The People’s Republic of China (PRC) is moving at breakneck speed to develop the institutions, as well as legal and regulatory mechanisms, necessary to strengthen cyber governance. This policy trajectory has been particularly evident during the last few months, a period that featured:

  • President Xi Jinping’s speech on cybersecurity to a meeting of the Leading Small Group (LSG) for Network Security and Informatization;
  • The National People’s Congress announcement that China’s Cybersecurity Law will go through a second reading (three readings are required for passage) this June;
  • And the State Council’s public notification of work being done on laws related to encryption and critical infrastructure, two hot-button cyber issues.

With all these changes, the creation of the CyberSecurity Association of China (CSAC; 中国网络空间安全协会 ) on March 25 has received far less attention. Yet the CSAC is important, not only as a prominent example of President Xi and his chief cybersecurity deputy Lu Wei’s quest to align government, industry, and academia around a shared set of cyber-governance objectives, but also as a force for shaping both the present and future of Chinese cybersecurity policy and the PRC’s engagement with international stakeholders on cyber issues.

This commentary contextualizes the creation of the CSAC within China’s broader drive to strengthen cyber governance and explores the purpose of the CSAC by looking at its mandate and stakeholders. We then assess early indications of its intentions and identify coming signposts to watch in order to gauge the impact of its establishment.

CSAC in Context: China’s Drive to Strengthen Cyber Governance

The creation of the CSAC is but the latest element of the Chinese government’s rapid construction of a system of institutions, laws, regulations, and policies aimed at strengthening cyber governance . Indeed, the CSAC is a direct extension of two other recently created Chinese institutions, the LSG and its functional office, the Cyberspace Administration of China (CAC), into the realm of industry, academia, and research institutions. The LSG, a party entity chaired by President Xi himself, exerts ultimate authority over the CAC. Along with the construction of these institutions, the government has produced at least a dozen separate but mutually reinforcing laws, regulations, and policies (some passed; many still pending) meant to enhance cybersecurity. This combination of institutions, laws, and policies is quickly fleshing out the skeleton of the Chinese cyber-governance mechanism. The table below gives a snapshot of the most recent entities and rules that extend an already existing regulatory framework.

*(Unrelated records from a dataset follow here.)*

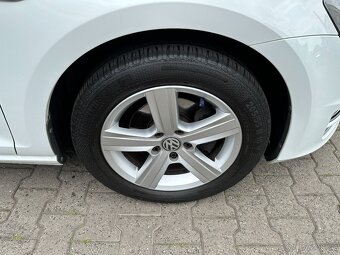 VW Golf 7 1.4TGI 81kW DSG ALU 16'' KŮŽE Vyhř. okno LED - 16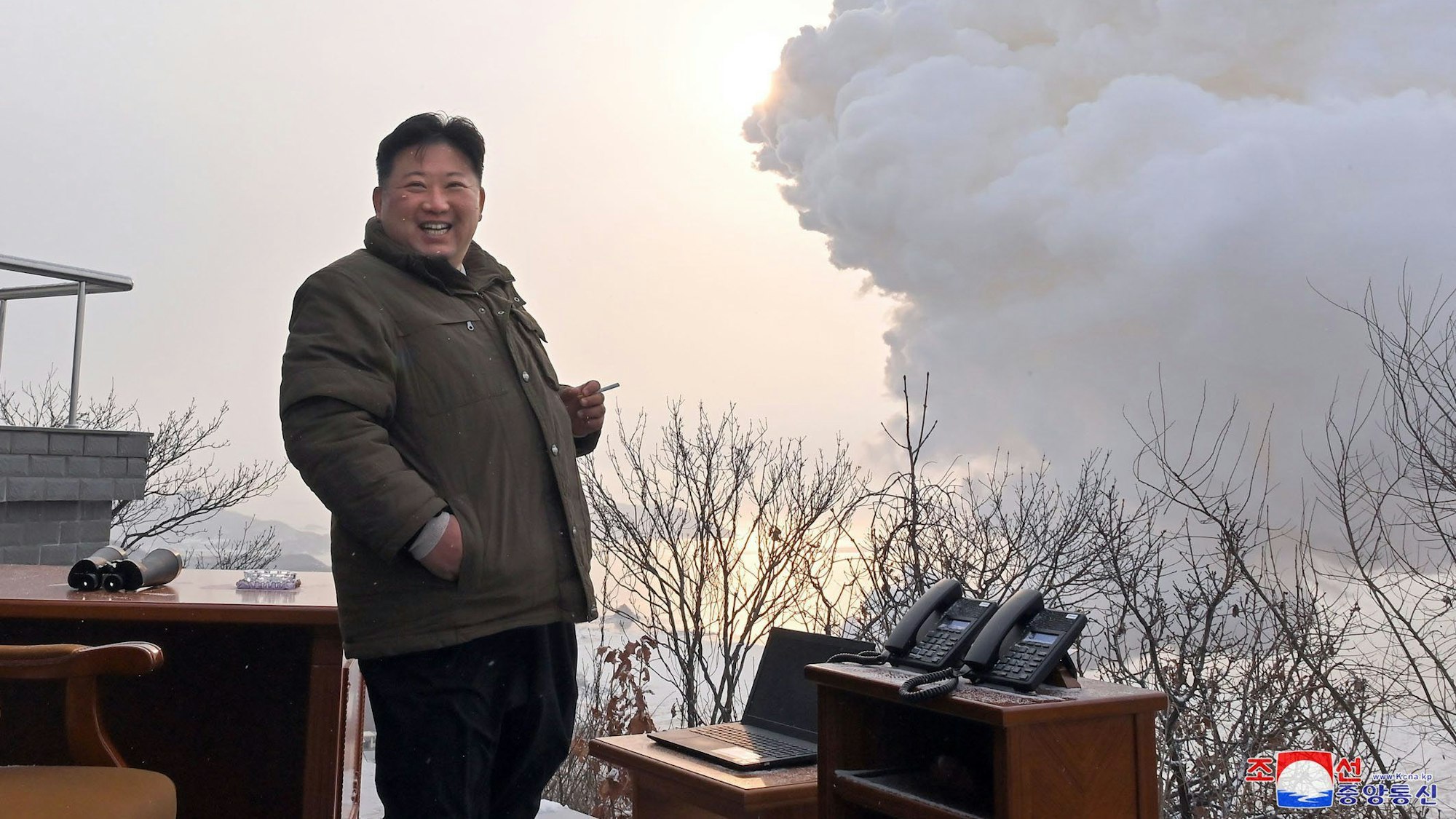 Die von der staatliche Nachrichtenagentur von Nordkorea KCNA (Korean Central News Agency) zur Verfügung gestellte Aufnahme zeigt Kim Jong Un (r), Machthaber in Nordkorea, beim lachen während des Bodentests eines Feststoffmotors für eine Rakete auf dem Sohae-Satellitenstartplatz in Cholsan in der Provinz Nord-Pyongan.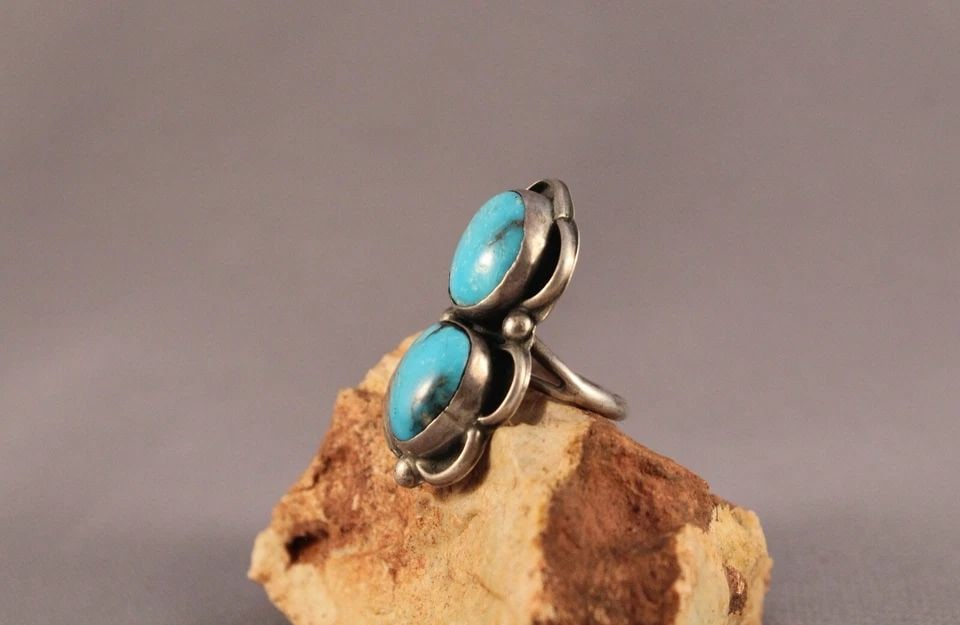 OLD PAWN NAVAJO STERLING SILVER AND TURQUOISE RING SIZE 6: OLD PAWN NAVAJO STERLING SILVER AND TURQUOISE RING SIZE 6 Item Description: 1 3/8 " tall P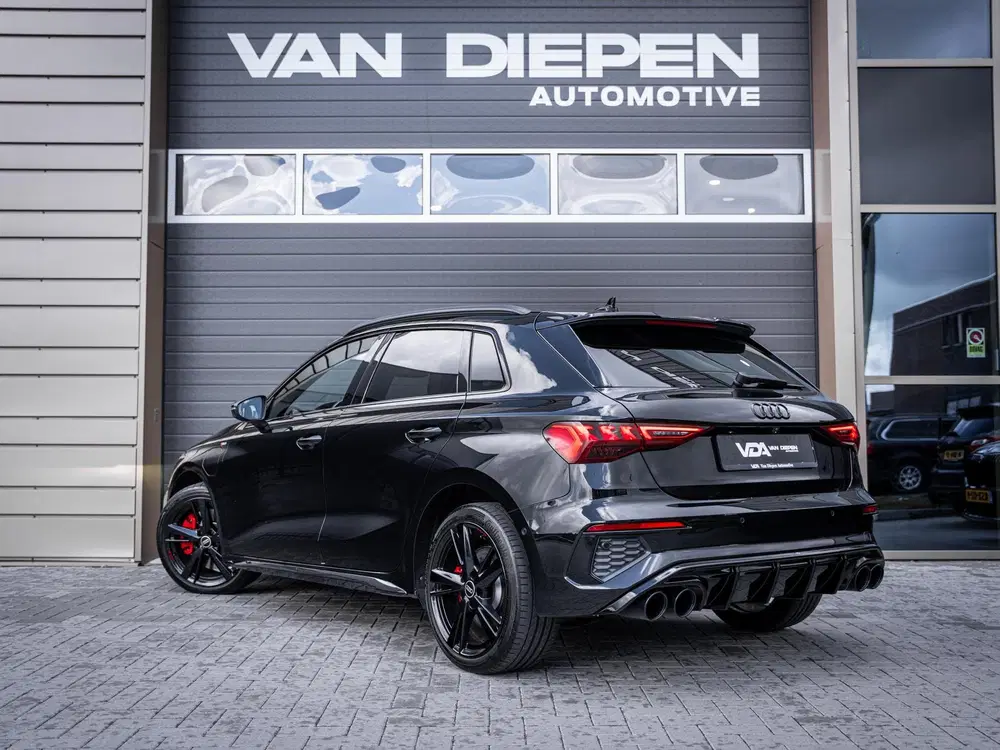 Audi A3 45 TFSI e S edition Competition 3xS-line uit 2023, foto 8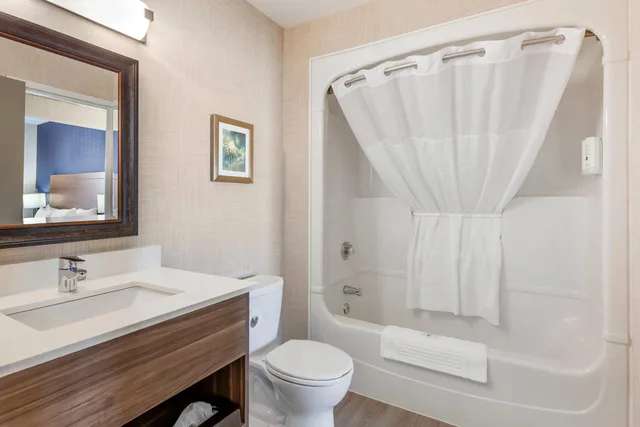 Upgrade, Suite, King Bed، Quality Suites Whitby 9/10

The Purpose of the CSAC: Mandate and Stakeholders

Within this context, the creation of the CSAC, a Chinese Communist Party (CCP)–controlled industry association, connects the major stakeholders in China’s evolving cyber-governance regime—government, the private sector, and researchers. Thus, its establishment aligns with the broader effort by President Xi to consolidate and centralize power over the cybersecurity political bureaucracy.

Initial statements about the CSAC’s mandate suggest that its work will focus on cyber governance from the perspectives of law, technology, industrial development, and public information and social stability. More specifically, Fang Binxing, chairman of the CSAC, has indicated in interviews that the association’s efforts will fall into the following topical baskets:

· Laws and regulations helping to build out the new information and communications technology (ICT) legal regime

· Technology support helping to boost the domestic ICT industry

· Public opinion supervision to help in information control and propaganda

· Security and stability of information systems, products, and services (conventional cybersecurity)

· Protecting core Chinese interests under globalization, and promoting globally competitive Chinese IT companies

The combination of these diverse goals under the umbrella of one association, the CSAC, underscores a trend that started with the creation of the LSG: President Xi is tightly tying together the political bureaucracies overseeing ICT (hardware and software) and digital content (propaganda system).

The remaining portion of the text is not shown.